He was a little man and he wore cycling stockings under his trousers. Every fine night he put on an old Norfolk tweed jacket and went out into the garden with the two ends of the waistband dangling behind him. He would bend down and make minute examinations of plants. He would twine sweet-pea tendrils round their sticks. Sometimes he would pounce upon a weed and remove it with cruel precision.... On Saturday afternoons he took a bucket and went into the roads to collect horse-manure. To Catherine Saturday afternoon was always signalized by the hard scraping of the kitchen shovel on the gritty surface of the roadway.
Mother was big and billowy. She kept her hair in papers during the mornings and wore stays whose ribbed outline showed through the back of her blouse. She talked more than father. At the Duke Street Methodist Chapel she appeared in the front row of the choir, whilst father took round the collection-plate. She was vaguely religious and vaguely patriotic and vaguely sentimental. When she said “John!” very slowly, father knew he had better be careful.
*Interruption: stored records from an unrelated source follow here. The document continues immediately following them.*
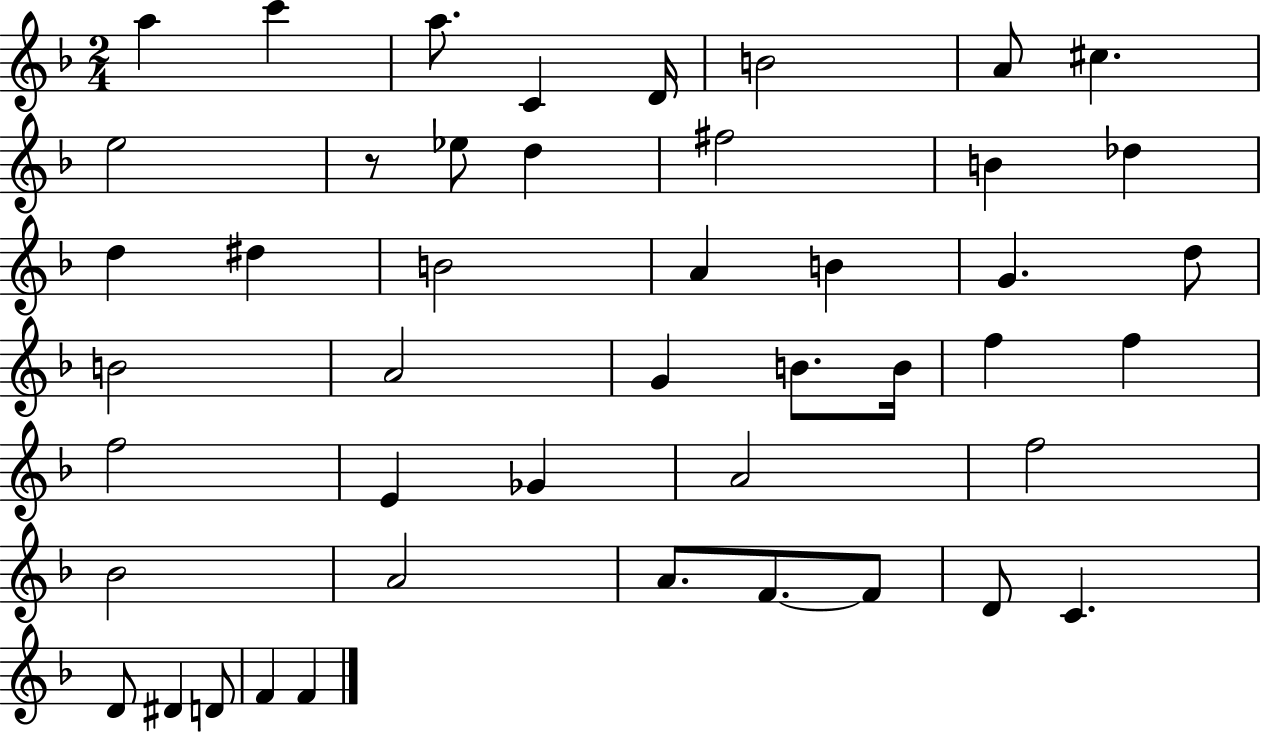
A5/q C6/q A5/e. C4/q D4/s B4/h A4/e C#5/q. E5/h R/e Eb5/e D5/q F#5/h B4/q Db5/q D5/q D#5/q B4/h A4/q B4/q G4/q. D5/e B4/h A4/h G4/q B4/e. B4/s F5/q F5/q F5/h E4/q Gb4/q A4/h F5/h Bb4/h A4/h A4/e. F4/e. F4/e D4/e C4/q. D4/e D#4/q D4/e F4/q F4/q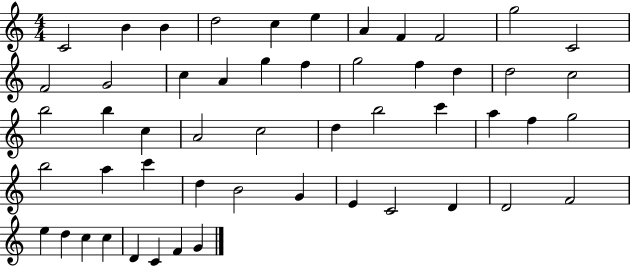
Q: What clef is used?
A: treble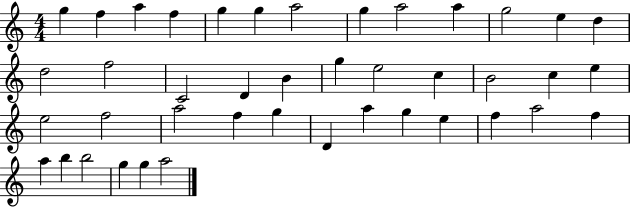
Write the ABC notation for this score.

X:1
T:Untitled
M:4/4
L:1/4
K:C
g f a f g g a2 g a2 a g2 e d d2 f2 C2 D B g e2 c B2 c e e2 f2 a2 f g D a g e f a2 f a b b2 g g a2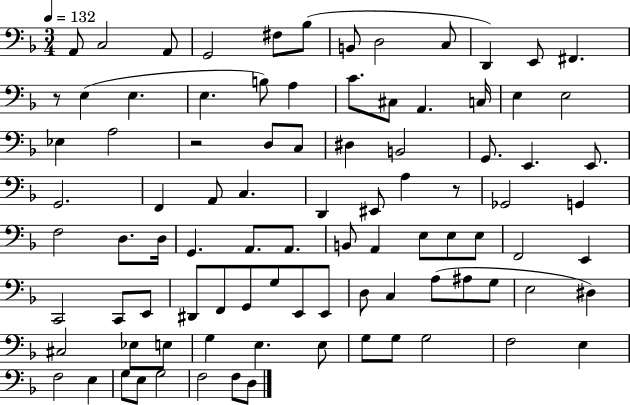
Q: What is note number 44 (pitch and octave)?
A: D3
Catherine sat in the front pew on a Sunday morning, and wondered what it was all about. Why had mother got her hat on? ... Why did everybody come here once a week? What was the man in the round box talking about? Her mother had said, “About God, Cathie.” But he didn’t say God; he said Gahd. Sometimes Ch-artinevin was mentioned and Catherine caught the words with enthusiasm. It was plain that Ch-artinevin was a well-known personage.
The little boy next to her had curly hair. He was eating peppermints. During the prayer he kept taking them out of his mouth to see if they got smaller. Once he gave her one. It was very nice, but she cracked it during the benediction, and it was a loud crack.
Father stood at the door shaking hands with people. He said: “Good evening, Mrs. Lawson”—“Good evening, Ethel”—“Good evening, Miss Picksley, shall we be seeing you at the Band of Hope on Tuesday?”
And to Catherine he said:
“Go and wait in the back pew; there’s a Kermunion.”
A Kermunion, at any rate, was interesting....
§ 4
Father, being an elementary schoolteacher, did not send Catherine to an elementary school. She went to Albany House (principal, Miss Leary, L.R.C.P.). Miss Leary wore her hair in a knob and said to Catherine: “Darling, if you do that again I shall have to smack you hard.”